Prime Minister Anders Fogh Rasmussen (V) is without5 an answer to how he will maintain Denmarks immigration policy after ECJ rulings. Lawyers and Pia Kjærsgaard (DPP): The tough immigration policy is “capsized”.
Prime minister Anders Fogh Rasmussen (V) didn’t manage to remove the impression that Danish immigration policy is in crisis, when he returned back to the political scene after his summer vacation.
The ECJ have bit by bit dismantled the Danish mechanisms, which should have prevented that the ECJ could be used to bypass the rules for family reunions – so much that both politicians and juridical experts calls the rules “undermined”, “capsized” and “hollowed out”.
Anders Fogh Rasmussen promised, that »Danish immigration policy stands steady. The Government will not sit idle while the Danish family reunion rules are being hollowed out by the back entrance.«
“Fogh owes an answer”
But he didn’t tell how he intends to do it, says Pia Kjærsgaard (DPP):
“Fogh owes an answer to what he intends to do to make sure that the the immigration policy stays firm, which it isn’t at the moment. The immigration policy is capsized. It is simply the foundation in the tightened rules [as opposed to the immigration law of 1983 – ed], we’re talking about,” says Pia Kjærsgaard.
Peter Starup, lecturer, Ph.D. South Danish University, estimates that the ECJ have undermined the Danish rules concerningfami9ly reunions and expects the hole to grow even bigger.
Professor Dr. Jur. Hjalte Rasmussen: “Many plugs have been pulled out of Danish immigration policy.« He estimates that the Prime Minister have to »Rebuild a EU-frame, which can sustain an independent Danish immigration policy.«
It is exactly what Fogh Rasmussen will try: The Government will make contact with the EU Commission and a number of the 10 other EU countries, which like Denmark were against the latest ruling, the Prime Minister explained.

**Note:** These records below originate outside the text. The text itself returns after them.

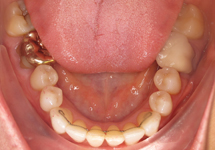 arch-after-06b1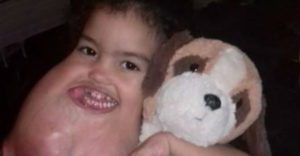 A 3 éves kislány olyan műtéten esett át, amely megváltoztatta az életét. Egészen ártalmatlanul kezdődött a gyötrelme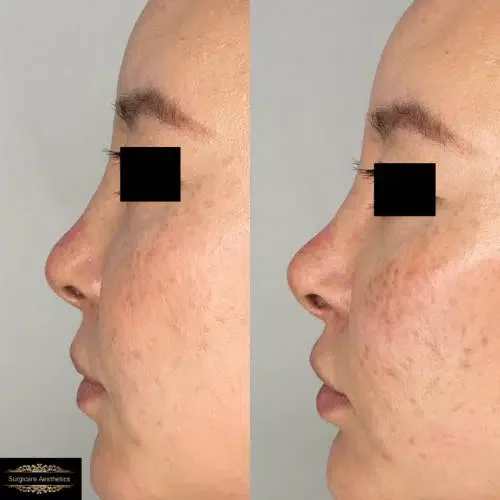 Before and After Non-surgical Rhinoplasty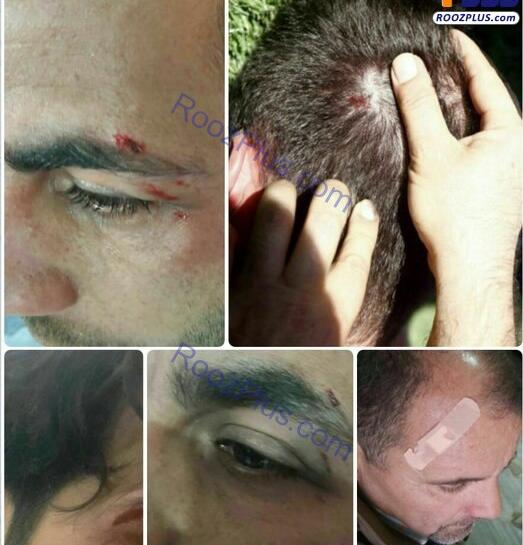 عکس دسته شکسته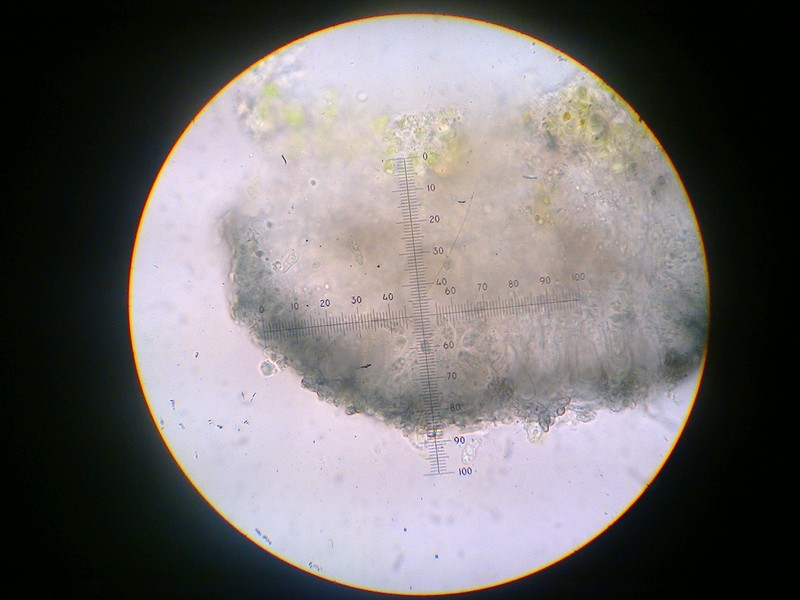 Arthonia muscigena photo 2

Professor Peder Nedergaard, CBS (Copenhagen Business School): “At a European level the wind blows favorably for Denmark, since several countries views free immigration to Europe as a problem. The question as thus, why Fogh only now starts to influence the other EU countries. He could have done it a long time ago, when it was known that the ruling were on its way.”

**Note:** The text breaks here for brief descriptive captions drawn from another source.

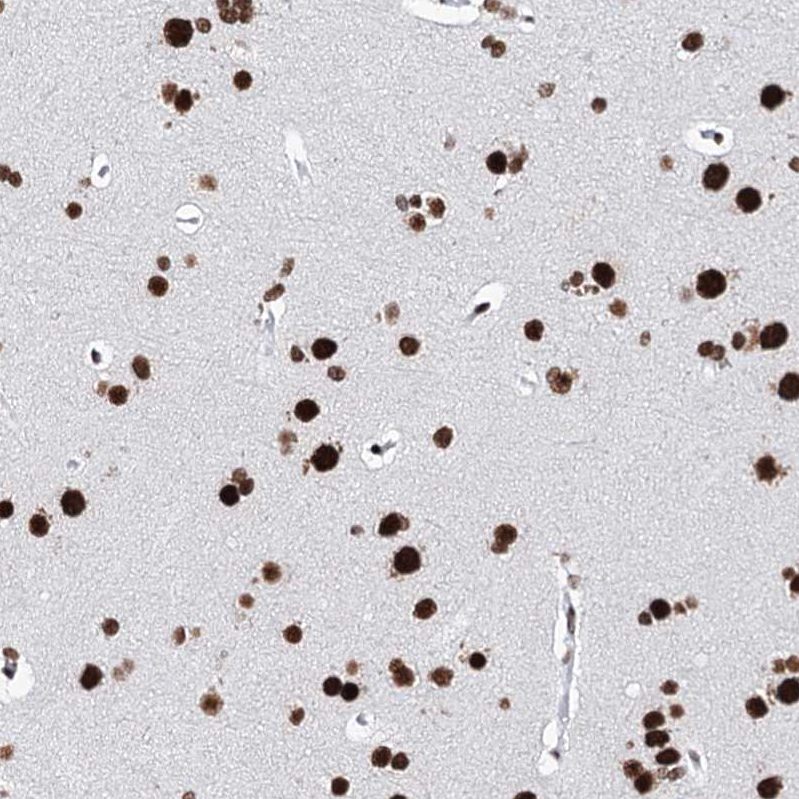 Anti-MATR3 Antibody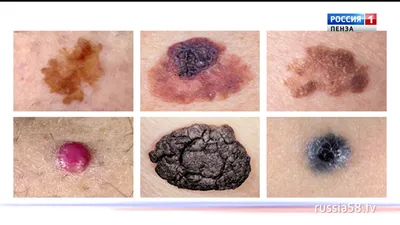 Базалиома (базальноклеточный рак кожи): симптомы, стадии, прогнозы,  классификация, методы диагностики и лечения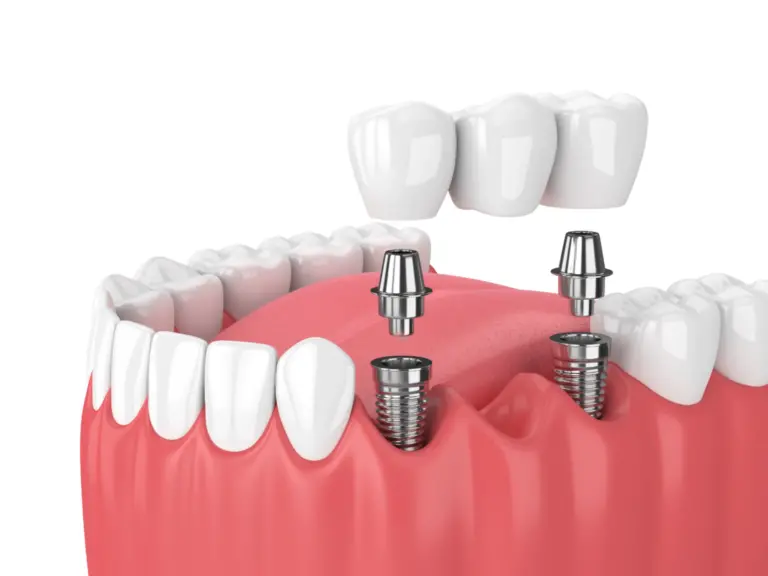 implant fiyatları 2025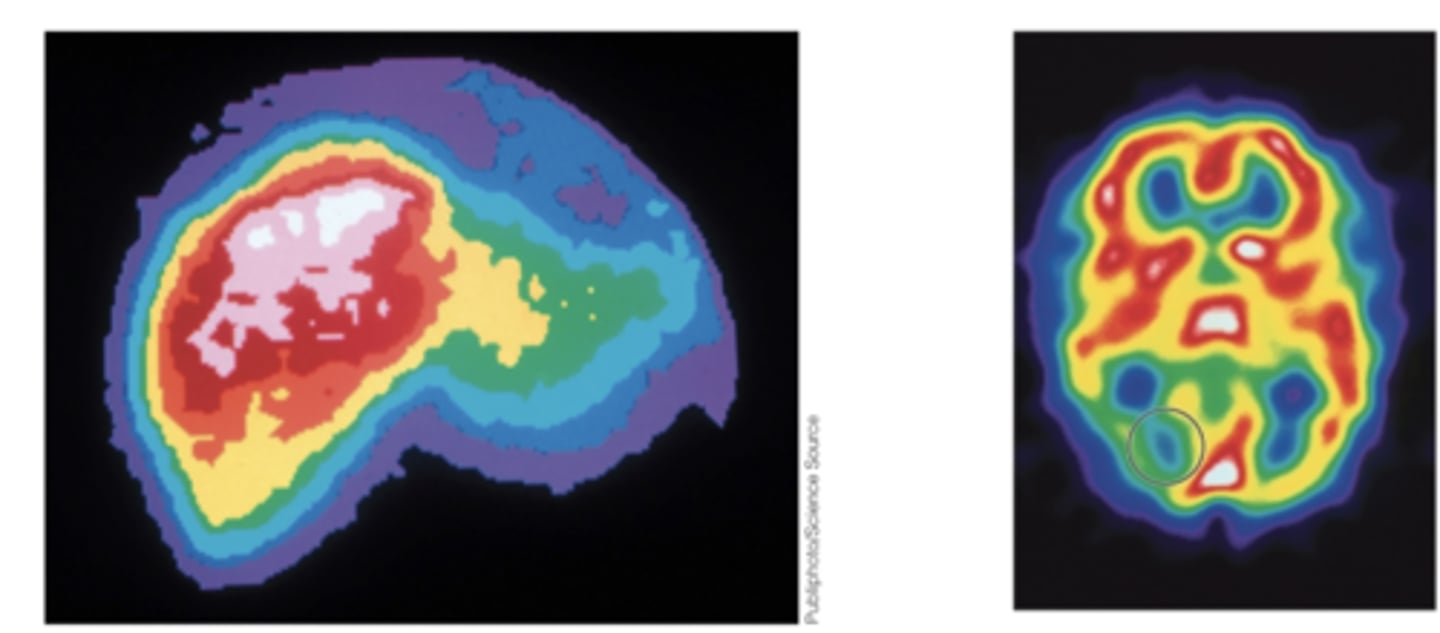 <p>The patient is injected with a radioactive substance that directly emits gamma rays that are detected to study activity of a tissue or organ such as tumors in body tissue</p>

The head of the EU Parliament’s judicial unit Poul Runge Nielsen, predicts that the Danish government will have a hard time changing the directive, that the ECJ ruling is based on:
“Even if it succeeds convincing the Commision, it has to be ratified in the Minister Council and the EU Parliament. And the very principle of free movement, which is the core of the matter is anchored in EU’s constitution, the treaty,” says Poul Runge Nielsen.
The leader of the Social-Democrats Helle Thorning-Schmidt believes that there is a »maximum confusion« about the Danish immigration policy: “The thing is that it isn’t possible to find a single Dane, who can say what the legal status of the immigration area is at the moment.”